Я воспользовалась ситуацией и исчезла в толпе. Эллен сумеет выстоять против Поппи.
Наконец мы пожали последнюю руку и приняли последнее объятие; в зале остались лишь родственники. Питер пошел договариваться от имени тети о кремации и похоронах, его дочери засеменили следом — головы втянуты в плечи, пальцы порхают по экранам телефонов. Тетя тихонько попрощалась с семьей моей сестры, и мы с Эллен, совершенно измученные, опустились на высокие стулья с прямыми спинками. Я бездумно смотрела перед собой и удивлялась — церемония прощания настолько истощила мои чувства, что вид гроба перестал нервировать.
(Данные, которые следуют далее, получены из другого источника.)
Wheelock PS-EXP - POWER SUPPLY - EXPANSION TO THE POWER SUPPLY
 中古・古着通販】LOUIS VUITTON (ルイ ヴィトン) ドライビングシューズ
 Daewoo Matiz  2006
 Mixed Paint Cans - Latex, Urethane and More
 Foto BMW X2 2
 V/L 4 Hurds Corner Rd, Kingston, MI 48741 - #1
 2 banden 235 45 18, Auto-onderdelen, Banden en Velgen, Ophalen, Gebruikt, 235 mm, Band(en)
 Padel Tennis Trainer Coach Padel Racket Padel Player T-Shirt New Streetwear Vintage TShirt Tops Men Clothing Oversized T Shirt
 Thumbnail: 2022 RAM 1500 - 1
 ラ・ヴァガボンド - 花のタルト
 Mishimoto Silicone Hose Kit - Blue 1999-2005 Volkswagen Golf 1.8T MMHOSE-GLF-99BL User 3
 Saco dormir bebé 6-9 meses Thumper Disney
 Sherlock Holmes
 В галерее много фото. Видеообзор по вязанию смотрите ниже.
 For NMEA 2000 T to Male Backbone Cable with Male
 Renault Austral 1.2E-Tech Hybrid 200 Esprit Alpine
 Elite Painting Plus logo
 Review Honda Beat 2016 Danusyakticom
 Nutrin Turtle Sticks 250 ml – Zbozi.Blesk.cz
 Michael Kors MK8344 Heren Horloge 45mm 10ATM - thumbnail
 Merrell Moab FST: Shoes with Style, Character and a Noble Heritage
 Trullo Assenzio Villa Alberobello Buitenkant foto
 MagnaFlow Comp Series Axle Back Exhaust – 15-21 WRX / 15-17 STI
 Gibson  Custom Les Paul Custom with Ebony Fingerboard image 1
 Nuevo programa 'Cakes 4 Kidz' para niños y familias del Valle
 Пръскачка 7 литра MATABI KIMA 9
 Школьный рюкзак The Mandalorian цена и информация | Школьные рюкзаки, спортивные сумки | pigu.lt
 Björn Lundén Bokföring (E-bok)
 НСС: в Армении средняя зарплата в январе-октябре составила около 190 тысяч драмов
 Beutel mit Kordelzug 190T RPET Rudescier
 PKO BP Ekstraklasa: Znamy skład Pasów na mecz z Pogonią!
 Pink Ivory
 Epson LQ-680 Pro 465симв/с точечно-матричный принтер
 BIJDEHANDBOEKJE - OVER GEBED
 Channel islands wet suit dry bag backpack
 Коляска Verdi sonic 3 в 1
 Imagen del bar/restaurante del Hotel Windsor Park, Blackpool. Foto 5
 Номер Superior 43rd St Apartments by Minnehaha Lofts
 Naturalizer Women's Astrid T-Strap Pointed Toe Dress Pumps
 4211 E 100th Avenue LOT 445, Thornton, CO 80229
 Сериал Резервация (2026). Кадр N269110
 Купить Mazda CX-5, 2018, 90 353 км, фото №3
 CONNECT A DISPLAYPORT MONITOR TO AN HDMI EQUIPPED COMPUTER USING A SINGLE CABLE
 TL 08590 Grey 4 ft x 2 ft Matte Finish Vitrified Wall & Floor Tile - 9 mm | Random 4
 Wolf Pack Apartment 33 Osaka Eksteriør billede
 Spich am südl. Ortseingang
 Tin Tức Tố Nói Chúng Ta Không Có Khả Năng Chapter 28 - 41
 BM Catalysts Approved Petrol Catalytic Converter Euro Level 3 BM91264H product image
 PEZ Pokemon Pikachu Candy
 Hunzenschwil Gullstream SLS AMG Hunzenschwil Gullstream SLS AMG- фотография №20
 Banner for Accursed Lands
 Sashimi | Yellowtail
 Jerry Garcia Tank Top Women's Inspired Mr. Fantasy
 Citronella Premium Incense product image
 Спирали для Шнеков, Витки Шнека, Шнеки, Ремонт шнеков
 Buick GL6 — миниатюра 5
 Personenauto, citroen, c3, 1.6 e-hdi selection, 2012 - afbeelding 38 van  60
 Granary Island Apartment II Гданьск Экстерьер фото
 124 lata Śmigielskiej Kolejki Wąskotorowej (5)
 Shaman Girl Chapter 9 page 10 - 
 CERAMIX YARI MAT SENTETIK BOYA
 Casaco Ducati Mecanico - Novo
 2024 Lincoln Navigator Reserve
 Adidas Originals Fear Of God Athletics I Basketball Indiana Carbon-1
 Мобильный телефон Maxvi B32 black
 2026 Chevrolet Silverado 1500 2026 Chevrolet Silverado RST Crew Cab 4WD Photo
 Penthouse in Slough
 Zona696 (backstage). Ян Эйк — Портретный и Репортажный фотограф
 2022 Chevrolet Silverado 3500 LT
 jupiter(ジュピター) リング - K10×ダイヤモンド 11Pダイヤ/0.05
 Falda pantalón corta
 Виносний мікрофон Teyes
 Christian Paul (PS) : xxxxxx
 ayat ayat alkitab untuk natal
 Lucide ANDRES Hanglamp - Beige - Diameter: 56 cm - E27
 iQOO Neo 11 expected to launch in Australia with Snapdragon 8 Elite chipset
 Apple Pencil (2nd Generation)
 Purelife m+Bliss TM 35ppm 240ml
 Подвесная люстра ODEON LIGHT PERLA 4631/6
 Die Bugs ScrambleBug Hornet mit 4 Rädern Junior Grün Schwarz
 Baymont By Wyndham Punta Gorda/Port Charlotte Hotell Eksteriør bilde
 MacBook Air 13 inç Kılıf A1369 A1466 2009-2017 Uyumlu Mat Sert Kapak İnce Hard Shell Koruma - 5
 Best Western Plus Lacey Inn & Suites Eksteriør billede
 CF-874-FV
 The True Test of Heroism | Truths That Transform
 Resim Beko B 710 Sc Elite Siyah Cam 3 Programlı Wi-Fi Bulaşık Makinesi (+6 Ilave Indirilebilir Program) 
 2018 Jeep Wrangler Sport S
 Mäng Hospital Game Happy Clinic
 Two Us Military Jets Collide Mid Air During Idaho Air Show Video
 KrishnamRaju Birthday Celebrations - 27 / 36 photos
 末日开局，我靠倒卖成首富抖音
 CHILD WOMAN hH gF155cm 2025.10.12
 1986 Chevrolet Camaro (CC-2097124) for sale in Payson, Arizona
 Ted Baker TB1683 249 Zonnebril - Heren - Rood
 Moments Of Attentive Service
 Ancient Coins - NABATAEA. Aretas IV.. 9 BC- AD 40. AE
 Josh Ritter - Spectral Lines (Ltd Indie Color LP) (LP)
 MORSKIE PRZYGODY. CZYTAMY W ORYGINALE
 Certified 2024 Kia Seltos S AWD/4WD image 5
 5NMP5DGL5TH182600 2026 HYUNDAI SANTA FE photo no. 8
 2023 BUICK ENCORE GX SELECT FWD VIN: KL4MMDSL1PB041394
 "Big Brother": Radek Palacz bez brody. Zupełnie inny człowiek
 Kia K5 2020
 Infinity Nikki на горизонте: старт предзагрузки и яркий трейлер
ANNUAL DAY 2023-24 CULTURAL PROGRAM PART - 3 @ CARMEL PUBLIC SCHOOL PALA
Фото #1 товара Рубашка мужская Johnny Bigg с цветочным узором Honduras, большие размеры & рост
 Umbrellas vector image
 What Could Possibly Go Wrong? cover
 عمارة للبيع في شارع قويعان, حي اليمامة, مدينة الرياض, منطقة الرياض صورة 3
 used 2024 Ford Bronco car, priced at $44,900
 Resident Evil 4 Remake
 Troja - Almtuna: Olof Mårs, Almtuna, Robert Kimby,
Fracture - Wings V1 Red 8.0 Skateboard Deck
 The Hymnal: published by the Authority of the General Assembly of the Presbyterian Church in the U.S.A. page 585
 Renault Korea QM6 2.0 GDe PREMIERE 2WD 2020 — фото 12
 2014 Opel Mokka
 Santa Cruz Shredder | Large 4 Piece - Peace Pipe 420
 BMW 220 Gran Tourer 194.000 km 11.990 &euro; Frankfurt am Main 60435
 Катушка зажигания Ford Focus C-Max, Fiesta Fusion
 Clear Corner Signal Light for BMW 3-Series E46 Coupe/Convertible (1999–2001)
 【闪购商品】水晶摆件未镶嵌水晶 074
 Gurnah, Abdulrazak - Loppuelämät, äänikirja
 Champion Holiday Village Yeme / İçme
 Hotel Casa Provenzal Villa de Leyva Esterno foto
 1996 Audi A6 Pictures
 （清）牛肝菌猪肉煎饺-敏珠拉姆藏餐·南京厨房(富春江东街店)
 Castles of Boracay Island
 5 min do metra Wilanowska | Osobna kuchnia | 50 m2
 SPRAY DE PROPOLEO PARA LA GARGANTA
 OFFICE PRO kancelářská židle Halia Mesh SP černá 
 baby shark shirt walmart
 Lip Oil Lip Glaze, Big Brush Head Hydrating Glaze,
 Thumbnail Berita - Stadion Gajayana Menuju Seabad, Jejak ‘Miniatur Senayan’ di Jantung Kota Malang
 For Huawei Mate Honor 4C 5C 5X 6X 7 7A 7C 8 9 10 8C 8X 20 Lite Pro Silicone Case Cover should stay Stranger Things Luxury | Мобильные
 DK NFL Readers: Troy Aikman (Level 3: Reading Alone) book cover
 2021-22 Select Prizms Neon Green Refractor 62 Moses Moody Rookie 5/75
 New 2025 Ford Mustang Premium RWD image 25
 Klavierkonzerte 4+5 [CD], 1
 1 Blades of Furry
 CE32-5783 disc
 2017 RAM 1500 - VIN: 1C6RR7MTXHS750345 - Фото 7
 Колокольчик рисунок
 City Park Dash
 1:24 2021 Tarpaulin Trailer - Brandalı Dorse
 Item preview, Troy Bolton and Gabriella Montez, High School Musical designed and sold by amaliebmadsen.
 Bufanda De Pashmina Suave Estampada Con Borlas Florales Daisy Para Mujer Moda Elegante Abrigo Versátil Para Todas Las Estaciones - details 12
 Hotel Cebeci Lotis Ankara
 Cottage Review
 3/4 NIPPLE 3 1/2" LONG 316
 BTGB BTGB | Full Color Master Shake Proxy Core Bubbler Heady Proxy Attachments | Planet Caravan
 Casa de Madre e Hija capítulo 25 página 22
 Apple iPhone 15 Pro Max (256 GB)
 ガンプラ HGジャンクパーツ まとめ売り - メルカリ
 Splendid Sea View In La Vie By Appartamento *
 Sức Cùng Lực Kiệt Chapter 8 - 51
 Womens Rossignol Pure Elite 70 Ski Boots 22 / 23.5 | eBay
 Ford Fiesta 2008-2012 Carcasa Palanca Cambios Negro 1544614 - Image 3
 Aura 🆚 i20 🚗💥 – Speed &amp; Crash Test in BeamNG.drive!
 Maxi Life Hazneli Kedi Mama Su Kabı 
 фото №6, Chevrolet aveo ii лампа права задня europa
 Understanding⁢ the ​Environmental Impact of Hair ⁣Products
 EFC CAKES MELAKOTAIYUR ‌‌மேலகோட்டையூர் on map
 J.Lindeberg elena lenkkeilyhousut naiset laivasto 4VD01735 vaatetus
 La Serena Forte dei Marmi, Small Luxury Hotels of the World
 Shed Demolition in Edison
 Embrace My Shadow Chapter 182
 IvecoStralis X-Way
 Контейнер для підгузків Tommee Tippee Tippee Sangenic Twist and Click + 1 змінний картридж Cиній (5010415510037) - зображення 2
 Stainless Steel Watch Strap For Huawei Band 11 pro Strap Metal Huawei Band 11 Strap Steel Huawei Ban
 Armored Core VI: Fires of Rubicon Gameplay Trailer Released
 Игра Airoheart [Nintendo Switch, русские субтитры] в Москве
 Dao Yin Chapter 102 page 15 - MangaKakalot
— Ты как? — Эллен погладила меня по колену. Замерла, нахмурилась. — Ты, кажется, не все побрила, пропустила тут.
Я смахнула ее руку.
— Спасибо, Эллен. Я в норме.
Краем глаза я наблюдала за тем, как зал покидает Лани со своей семьей. Сердце чуть кольнуло: перед уходом сестра даже не посмотрела в мою сторону. Хотя стоит ли расстраиваться? Я бы не ответила на улыбку, даже если бы мне ее послали.
— Ну вот и все. — Тетя А. упала на стул рядом с Эллен. — Просто нет слов — я наконец вновь в одной комнате с твоей мамой, но при таких обстоятельствах…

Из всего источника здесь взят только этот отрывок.